South Dakota is on the verge of passing its version of a CPR and AED education bill, Under SB140, school districts would have the flexibility to teach hands-only CPR in any required class, such as physical education or health. The bill is endorsed by the American Heart Association and American Red Cross.
In the past few years, some high-profile incidents involving professional athletes have highlighted the need of immediate CPR after a cardiac incident. Competitive athletes are three times more likely to suffer a cardiac incident than the general population.
English soccer player and founder of Heart4More, Tobi Alabi, suffered three cardiac incidents, including one during a game. At 19, Alabi played for the English football club Millwall FC, based in southeast London.
His first incident came 15 minutes into a Ryman Premier Division match, when he collapsed on the pitch and was hospitalized. Alabi’s second occurred a few weeks later when, while being examined by doctors, his heart stopped. His third and most serious incident required him to be rushed to the hospital, resuscitated on the way and resulted in Alabi receiving a pacemaker. His heart stopped for 9 minutes before he was resuscitated by CPR.
Alabi was fortunate to have a Molesey defender and cardiologist assess him on the pitch in his first cardiac arrest, and was surrounded by medical professionals and paramedics during his second and third incidents. CPR and the use of an AED saved his life.
Tragically, most people who suffer cardiac arrest aren’t as fortunate. On May 7, Dinamo Bucharest soccer player Patrick Ekeng collapsed during a televised game in Romania. Ekeng was not given CPR during the more than 10 minutes he lay unconscious on the pitch.
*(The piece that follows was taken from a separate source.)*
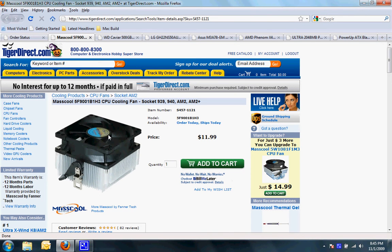I have a Masscool CPU fan. It's just a basic cooling fan because the processor I ordered is an OEM so it does not include a cooling fan.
With his own experience as a backdrop, Alabi has become an advocate for CPR training.
“I think it’s of massive importance to teach people,” he said. “From a personal perspective, it helped to save me. I think it should be part of a life skills curriculum that you’d have to undertake before graduation and I think that would be great thing to put into the curriculum. That’s something that even in England we’ve been trying to get into the curriculum for a long time. … It’s just a question of how to get it in.”
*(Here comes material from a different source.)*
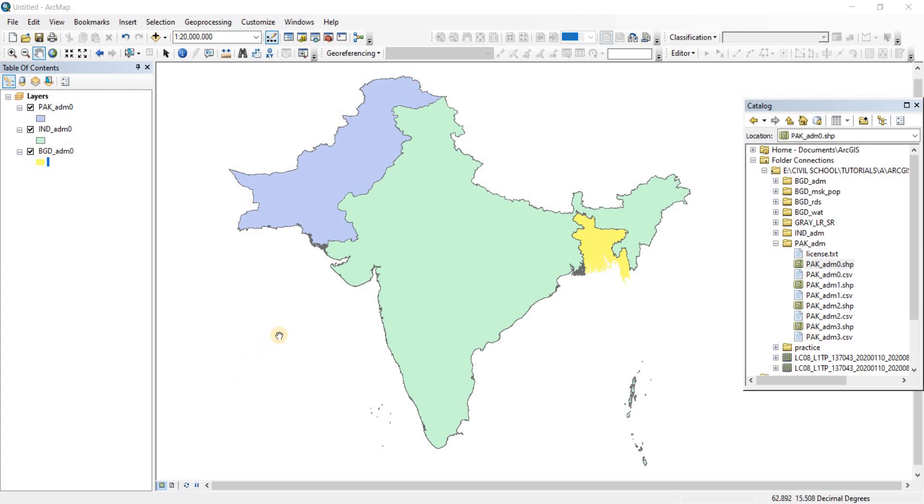Welcome back again. Now in this video we're going to be talking about the geodatabase.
He also advocates on the AED part of the education:
“Until I started to research into this area I thought that CPR was only performed to keep the heart beating or to massage the heart, but it’s important that people know that CPR is performed so that oxygenated blood is pumped around the body which decreases the risk of the individual suffering brain damage,” he said. “It’s important people know why they’re doing it, and how necessary it is to perform CPR and to perform in conjunction of the use of a defibrillator.
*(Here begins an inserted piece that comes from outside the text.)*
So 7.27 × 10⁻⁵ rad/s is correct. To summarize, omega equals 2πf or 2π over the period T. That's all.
“I think those two messages need to be synonymous. I mean for me it was very, very important in my instance because had that not been performed it could have been a very different story. “
Thirty-five states and D.C. represent a substantial step in the right direction. In addition, California requires it to be taught in schools with health class, which targets another 250,000 students annually. However, 14 states still are leaving their populations at greater risk to cardiac death by not proactively educating and training in CPR.
Currently, there is no proposed legislation in Arkansas, Colorado, Florida, Hawaii, Kansas, Maine, Massachusetts, Montana, Nebraska, Nevada, New Hampshire and Pennsylvania. Wyoming has introduced a bill, but it is delayed in the legislature. As noted, South Dakota is on its way to being the 36th state.
Legislation won’t be passed without your support. You can be this change. Reach out to your local state representatives and state senators and demand they follow suit.
The cost of state-mandated CPR education cannot be an excuse for failing to implement a crucial and potentially life-saving skill.
How do you put a cost on the value of human life? The life that might need saving could be yours.